NOTE 7 - INCOME TAXES
During the three months ended March 31, 2023, we generated a federal net operating loss (“NOL”) carryforward of $4.7 million and generated $2.4 million of foreign NOL carryforwards. As of March 31, 2023, we had consolidated income tax NOL carryforwards for federal tax purposes of approximately $234.6 million and net operating loss carryforwards for foreign income tax purposes of approximately $86 million. From 2025 through 2027, approximately $47 million of the NOL will expire, and from 2028 through 2037, approximately $128 million of the NOL will expire. The NOL generated in 2018 through 2023 of approximately $55 million will be carried forward indefinitely.
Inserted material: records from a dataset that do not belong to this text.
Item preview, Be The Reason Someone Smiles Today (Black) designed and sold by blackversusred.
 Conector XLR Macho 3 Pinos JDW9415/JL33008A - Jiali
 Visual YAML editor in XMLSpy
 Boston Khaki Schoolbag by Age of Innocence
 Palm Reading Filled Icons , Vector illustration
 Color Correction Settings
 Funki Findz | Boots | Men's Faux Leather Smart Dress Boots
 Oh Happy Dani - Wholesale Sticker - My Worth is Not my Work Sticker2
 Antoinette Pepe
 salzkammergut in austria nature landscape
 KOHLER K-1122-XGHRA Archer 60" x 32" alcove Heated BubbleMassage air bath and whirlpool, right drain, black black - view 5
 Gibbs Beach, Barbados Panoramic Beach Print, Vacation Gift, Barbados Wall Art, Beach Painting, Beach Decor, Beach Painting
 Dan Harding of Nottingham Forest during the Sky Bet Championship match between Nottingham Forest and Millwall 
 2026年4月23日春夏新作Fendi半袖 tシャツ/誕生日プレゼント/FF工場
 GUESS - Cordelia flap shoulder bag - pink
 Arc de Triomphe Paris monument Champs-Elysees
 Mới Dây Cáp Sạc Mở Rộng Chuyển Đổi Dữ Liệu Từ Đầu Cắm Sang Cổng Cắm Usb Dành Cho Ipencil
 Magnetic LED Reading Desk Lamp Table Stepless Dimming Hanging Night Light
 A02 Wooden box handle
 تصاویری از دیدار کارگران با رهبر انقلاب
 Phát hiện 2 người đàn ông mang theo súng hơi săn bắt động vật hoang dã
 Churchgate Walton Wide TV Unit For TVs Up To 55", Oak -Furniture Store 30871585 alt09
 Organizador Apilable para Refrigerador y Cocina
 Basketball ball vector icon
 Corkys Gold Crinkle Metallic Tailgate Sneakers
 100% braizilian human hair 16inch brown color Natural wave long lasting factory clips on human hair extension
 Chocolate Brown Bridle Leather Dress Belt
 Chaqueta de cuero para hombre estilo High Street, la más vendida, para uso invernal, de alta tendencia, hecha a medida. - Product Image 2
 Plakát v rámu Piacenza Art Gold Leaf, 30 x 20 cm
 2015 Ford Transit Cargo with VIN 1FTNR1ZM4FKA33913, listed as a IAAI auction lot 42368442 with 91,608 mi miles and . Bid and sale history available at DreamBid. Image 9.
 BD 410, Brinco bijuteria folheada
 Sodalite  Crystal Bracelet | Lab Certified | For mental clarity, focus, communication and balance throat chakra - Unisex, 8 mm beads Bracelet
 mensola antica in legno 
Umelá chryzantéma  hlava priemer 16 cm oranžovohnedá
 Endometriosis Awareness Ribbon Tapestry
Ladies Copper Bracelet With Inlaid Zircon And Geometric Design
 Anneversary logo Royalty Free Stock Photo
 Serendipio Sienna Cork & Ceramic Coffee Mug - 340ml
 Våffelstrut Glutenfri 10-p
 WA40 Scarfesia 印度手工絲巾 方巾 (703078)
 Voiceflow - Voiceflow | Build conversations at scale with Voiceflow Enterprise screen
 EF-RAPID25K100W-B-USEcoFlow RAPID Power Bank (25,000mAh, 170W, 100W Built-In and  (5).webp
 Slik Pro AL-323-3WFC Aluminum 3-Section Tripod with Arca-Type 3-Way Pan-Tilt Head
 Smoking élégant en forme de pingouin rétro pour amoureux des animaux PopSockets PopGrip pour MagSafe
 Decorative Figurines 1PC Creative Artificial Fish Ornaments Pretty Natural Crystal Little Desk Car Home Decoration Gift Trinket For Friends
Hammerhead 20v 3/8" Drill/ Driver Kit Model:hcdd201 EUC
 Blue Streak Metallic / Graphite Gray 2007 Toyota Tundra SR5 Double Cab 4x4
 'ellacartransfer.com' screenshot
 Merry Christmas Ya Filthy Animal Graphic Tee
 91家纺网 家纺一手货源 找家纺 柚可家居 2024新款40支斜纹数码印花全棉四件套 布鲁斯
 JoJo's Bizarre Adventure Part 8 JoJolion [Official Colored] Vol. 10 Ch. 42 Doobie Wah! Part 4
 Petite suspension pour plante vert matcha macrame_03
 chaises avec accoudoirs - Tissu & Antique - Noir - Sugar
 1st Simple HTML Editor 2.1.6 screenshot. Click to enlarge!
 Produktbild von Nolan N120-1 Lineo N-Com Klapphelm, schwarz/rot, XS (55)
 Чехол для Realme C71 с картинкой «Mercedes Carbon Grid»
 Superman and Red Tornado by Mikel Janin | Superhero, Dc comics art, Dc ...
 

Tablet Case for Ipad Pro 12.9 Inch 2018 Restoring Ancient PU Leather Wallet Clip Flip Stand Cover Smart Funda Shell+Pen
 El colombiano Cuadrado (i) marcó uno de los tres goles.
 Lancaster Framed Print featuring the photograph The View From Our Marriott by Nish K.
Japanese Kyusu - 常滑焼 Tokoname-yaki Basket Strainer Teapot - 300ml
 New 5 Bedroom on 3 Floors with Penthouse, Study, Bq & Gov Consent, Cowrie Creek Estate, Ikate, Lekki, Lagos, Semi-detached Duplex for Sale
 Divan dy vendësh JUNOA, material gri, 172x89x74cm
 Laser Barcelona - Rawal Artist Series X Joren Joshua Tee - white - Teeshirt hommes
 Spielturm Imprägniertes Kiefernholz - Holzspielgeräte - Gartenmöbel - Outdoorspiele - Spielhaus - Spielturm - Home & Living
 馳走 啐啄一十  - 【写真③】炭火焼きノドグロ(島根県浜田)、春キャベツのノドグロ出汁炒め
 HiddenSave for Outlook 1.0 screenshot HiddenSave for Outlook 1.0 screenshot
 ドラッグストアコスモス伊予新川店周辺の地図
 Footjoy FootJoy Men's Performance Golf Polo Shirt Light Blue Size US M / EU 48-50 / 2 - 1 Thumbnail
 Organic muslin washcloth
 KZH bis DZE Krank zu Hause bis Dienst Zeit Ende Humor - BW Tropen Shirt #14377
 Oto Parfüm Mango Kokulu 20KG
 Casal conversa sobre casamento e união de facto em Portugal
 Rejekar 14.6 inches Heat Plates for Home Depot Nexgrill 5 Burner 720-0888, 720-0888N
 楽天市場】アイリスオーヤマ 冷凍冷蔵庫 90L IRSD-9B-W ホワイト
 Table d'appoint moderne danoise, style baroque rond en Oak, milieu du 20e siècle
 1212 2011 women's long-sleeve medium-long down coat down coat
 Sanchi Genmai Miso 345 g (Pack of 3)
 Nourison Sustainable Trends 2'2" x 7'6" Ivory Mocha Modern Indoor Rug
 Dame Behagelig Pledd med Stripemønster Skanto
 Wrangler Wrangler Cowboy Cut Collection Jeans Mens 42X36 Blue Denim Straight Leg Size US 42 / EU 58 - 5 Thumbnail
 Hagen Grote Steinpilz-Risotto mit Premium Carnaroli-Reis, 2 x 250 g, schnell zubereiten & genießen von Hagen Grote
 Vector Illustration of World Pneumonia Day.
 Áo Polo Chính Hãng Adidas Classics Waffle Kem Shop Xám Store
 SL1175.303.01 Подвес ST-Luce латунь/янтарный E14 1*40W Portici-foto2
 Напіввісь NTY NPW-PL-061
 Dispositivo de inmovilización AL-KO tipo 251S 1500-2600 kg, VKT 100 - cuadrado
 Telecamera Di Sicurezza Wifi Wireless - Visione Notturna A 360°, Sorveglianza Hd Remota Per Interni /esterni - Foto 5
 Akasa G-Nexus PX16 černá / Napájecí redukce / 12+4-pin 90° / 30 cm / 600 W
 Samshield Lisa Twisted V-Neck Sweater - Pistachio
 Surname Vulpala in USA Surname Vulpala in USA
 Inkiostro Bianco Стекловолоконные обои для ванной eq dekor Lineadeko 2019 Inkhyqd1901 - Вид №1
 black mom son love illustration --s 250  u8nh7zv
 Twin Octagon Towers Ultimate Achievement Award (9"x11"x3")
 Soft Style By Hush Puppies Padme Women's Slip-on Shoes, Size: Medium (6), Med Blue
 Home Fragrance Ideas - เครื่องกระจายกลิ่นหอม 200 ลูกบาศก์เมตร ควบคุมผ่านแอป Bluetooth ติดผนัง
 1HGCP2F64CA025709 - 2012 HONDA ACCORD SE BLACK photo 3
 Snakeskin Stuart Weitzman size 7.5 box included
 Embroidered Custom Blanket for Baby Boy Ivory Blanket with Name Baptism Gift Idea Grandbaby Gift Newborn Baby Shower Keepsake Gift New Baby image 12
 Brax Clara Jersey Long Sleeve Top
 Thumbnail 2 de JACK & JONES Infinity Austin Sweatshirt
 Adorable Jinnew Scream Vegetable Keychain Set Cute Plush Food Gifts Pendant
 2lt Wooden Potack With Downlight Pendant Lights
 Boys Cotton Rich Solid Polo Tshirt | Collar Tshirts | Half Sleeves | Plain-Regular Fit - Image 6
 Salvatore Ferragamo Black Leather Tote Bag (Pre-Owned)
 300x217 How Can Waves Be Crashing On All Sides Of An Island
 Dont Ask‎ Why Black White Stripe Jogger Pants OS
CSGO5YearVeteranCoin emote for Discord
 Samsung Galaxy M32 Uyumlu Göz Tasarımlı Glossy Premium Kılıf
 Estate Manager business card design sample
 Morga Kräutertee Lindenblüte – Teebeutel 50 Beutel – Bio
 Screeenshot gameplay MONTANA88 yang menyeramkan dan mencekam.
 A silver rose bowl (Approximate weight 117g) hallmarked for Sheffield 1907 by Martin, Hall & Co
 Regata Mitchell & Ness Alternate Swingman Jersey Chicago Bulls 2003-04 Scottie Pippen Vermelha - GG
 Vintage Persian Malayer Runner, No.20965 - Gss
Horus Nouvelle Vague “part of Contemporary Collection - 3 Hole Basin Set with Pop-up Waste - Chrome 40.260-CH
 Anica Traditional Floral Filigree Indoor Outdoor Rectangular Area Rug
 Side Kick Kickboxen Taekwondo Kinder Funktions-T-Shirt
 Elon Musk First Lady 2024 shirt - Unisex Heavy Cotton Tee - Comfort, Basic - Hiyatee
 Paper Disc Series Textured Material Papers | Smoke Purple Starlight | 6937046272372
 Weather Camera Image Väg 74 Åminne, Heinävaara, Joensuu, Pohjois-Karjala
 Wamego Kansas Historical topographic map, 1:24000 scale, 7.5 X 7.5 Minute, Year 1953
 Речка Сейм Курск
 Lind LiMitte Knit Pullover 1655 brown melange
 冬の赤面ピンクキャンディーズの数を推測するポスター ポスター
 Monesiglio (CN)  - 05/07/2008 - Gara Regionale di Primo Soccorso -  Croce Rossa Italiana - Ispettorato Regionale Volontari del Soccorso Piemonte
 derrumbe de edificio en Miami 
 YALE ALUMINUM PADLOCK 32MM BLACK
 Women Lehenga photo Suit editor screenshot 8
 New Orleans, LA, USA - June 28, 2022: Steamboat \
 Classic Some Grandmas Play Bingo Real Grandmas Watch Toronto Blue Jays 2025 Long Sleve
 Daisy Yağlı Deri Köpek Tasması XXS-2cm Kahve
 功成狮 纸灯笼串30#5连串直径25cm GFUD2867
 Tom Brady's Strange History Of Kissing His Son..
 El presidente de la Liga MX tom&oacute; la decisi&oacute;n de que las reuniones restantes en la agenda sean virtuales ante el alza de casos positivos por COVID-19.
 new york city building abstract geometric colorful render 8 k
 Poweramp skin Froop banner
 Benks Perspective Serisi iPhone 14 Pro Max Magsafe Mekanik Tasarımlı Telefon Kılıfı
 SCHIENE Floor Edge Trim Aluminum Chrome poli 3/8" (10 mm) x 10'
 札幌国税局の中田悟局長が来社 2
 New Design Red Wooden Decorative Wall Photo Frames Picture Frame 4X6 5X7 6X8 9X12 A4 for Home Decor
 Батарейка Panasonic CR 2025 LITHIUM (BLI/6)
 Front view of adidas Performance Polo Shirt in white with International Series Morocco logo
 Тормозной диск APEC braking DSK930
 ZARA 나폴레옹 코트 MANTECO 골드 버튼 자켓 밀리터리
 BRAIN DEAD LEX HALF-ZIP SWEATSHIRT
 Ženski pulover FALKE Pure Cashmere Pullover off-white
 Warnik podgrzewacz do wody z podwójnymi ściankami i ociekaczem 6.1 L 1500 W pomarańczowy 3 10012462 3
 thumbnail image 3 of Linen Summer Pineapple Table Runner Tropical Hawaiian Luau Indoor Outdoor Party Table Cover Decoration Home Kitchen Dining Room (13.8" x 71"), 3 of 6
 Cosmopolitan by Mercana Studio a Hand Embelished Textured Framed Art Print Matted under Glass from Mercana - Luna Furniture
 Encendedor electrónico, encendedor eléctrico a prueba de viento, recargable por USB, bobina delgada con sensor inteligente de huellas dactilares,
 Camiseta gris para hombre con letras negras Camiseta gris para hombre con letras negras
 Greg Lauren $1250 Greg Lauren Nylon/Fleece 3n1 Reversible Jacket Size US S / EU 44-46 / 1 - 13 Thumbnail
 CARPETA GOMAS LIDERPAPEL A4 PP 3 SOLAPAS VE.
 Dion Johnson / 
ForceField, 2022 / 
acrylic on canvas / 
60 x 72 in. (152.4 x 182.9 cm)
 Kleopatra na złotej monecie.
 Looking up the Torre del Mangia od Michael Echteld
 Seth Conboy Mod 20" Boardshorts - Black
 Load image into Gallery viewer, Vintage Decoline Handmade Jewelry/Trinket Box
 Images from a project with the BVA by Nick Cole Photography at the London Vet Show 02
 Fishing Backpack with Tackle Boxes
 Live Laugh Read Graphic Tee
NOTE 8 – COMMITMENTS AND CONTINGENCIES
Legal Proceedings
The Company may be subject to a variety of claims and suits that arise from time to time in the ordinary course of business. We are not a party to any litigation as a defendant where a loss contingency is required to be reflected in our condensed consolidated financial statements.
Contingency
We owe consultants contingent success fees of up to $700,000 upon the approval and issuance of the Environmental Impact Assessment (“EIA”) for our Mexican subsidiary. The EIA has not been approved as of the date of this report and the contingent success fees have not been accrued.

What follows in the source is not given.